== Excerpted records ==
****************************************

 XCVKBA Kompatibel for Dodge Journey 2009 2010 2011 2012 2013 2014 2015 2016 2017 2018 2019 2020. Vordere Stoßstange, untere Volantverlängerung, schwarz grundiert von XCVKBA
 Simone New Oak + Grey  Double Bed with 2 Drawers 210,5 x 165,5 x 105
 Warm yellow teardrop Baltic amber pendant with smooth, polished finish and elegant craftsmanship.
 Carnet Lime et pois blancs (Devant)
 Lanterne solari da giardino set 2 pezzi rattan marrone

****************************************

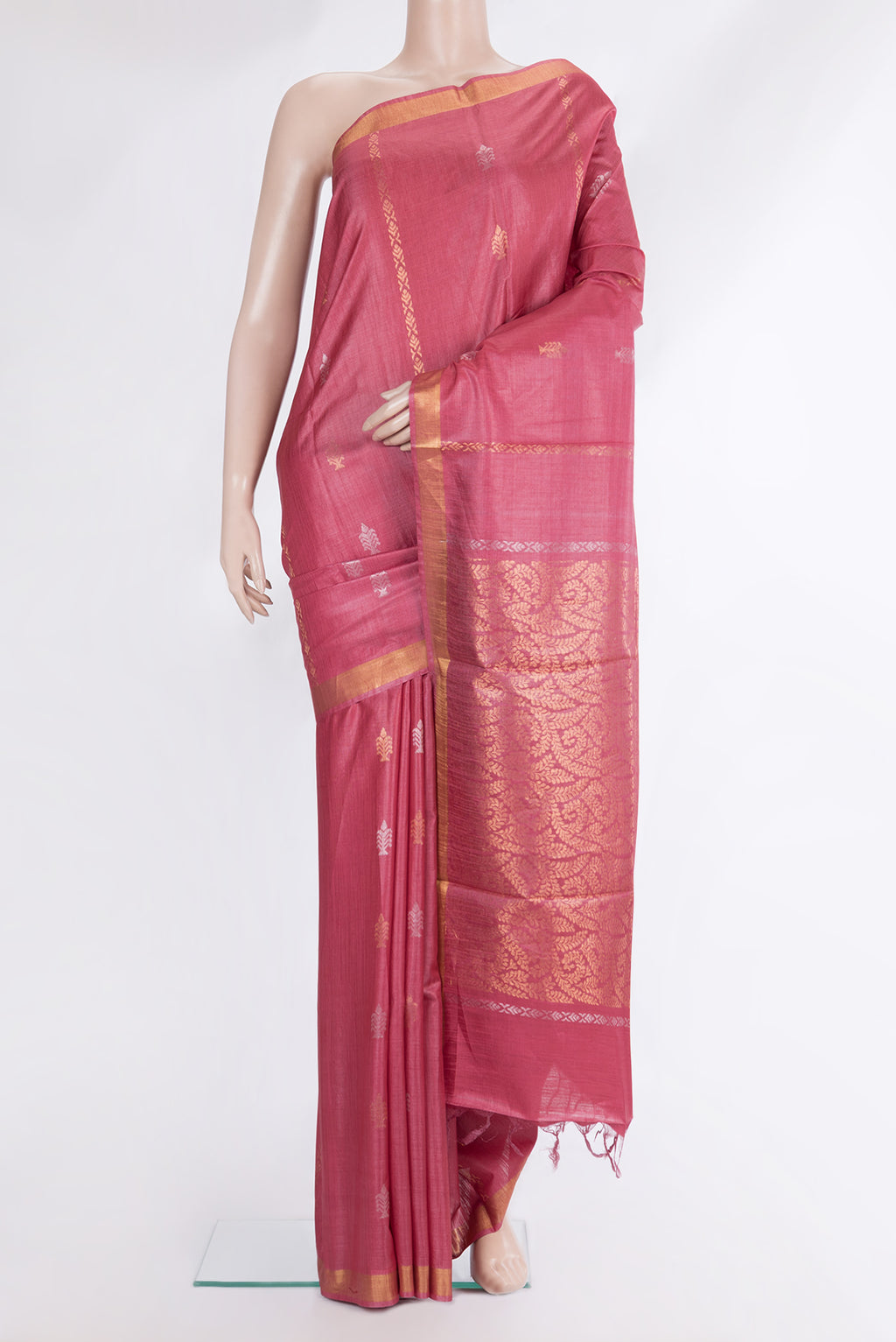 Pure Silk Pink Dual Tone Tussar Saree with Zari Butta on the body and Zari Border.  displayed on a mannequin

****************************************

== Aim of the exercise ==
In the listing above, locate the line with "XCVKBA Kompatibel for" and the line with "Lanterne solari da", then extract exactly those lines and every line between them, and nothing more.

== Response to this task ==
 XCVKBA Kompatibel for Dodge Journey 2009 2010 2011 2012 2013 2014 2015 2016 2017 2018 2019 2020. Vordere Stoßstange, untere Volantverlängerung, schwarz grundiert von XCVKBA
 Simone New Oak + Grey  Double Bed with 2 Drawers 210,5 x 165,5 x 105
 Warm yellow teardrop Baltic amber pendant with smooth, polished finish and elegant craftsmanship.
 Carnet Lime et pois blancs (Devant)
 Lanterne solari da giardino set 2 pezzi rattan marrone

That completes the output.